● **TO DO**
Where in the data does the word "Edition" appear? Find those lines and copy them.

Stored data:
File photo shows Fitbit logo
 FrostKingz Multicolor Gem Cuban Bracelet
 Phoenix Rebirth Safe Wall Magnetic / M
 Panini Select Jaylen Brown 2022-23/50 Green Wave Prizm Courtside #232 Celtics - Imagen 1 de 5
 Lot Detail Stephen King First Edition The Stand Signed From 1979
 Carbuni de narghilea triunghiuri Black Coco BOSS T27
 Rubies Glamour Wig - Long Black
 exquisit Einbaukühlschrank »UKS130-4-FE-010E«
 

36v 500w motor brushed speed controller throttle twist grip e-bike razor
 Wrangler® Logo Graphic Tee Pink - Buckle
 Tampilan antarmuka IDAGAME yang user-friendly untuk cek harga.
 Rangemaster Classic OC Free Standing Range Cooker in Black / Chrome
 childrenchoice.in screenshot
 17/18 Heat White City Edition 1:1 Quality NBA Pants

● **COMPLETED TASK**
 Lot Detail Stephen King First Edition The Stand Signed From 1979
 17/18 Heat White City Edition 1:1 Quality NBA Pants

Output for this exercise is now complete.